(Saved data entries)

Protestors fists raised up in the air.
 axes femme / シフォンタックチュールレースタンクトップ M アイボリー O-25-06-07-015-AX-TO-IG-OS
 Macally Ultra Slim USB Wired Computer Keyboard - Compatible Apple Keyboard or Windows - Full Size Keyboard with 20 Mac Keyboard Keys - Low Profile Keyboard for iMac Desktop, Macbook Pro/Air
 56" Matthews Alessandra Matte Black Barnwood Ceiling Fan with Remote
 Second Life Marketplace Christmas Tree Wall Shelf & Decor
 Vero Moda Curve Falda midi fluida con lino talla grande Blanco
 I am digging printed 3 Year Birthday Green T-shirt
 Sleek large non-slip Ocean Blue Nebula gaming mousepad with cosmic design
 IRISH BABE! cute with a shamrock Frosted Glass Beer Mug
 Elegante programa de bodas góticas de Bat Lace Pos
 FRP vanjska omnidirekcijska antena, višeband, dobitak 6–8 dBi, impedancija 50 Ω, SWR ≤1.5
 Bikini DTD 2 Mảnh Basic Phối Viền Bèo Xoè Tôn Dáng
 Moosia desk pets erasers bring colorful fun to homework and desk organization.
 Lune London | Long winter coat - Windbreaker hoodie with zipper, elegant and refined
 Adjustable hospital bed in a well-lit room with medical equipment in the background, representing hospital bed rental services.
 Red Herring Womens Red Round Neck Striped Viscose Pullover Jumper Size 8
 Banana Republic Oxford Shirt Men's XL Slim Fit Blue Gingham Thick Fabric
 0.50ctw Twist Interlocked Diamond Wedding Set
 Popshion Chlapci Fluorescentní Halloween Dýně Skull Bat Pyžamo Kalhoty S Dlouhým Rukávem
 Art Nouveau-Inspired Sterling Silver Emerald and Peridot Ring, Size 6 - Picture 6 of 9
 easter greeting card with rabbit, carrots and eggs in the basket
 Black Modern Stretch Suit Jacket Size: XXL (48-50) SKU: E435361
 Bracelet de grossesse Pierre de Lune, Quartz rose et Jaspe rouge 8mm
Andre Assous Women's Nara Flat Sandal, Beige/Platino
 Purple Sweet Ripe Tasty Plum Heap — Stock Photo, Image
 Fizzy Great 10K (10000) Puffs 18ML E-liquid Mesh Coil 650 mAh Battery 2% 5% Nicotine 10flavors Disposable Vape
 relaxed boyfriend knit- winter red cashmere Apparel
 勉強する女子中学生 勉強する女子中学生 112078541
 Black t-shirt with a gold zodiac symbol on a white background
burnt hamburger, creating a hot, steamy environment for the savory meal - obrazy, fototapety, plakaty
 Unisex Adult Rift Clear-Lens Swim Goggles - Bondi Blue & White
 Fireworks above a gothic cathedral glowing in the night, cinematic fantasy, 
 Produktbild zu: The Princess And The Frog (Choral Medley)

* Your objective *
Please transcribe the records exactly from their first line through the line holding "Fan with Remote", and leave out all others.

* Response box *
Protestors fists raised up in the air.
 axes femme / シフォンタックチュールレースタンクトップ M アイボリー O-25-06-07-015-AX-TO-IG-OS
 Macally Ultra Slim USB Wired Computer Keyboard - Compatible Apple Keyboard or Windows - Full Size Keyboard with 20 Mac Keyboard Keys - Low Profile Keyboard for iMac Desktop, Macbook Pro/Air
 56" Matthews Alessandra Matte Black Barnwood Ceiling Fan with Remote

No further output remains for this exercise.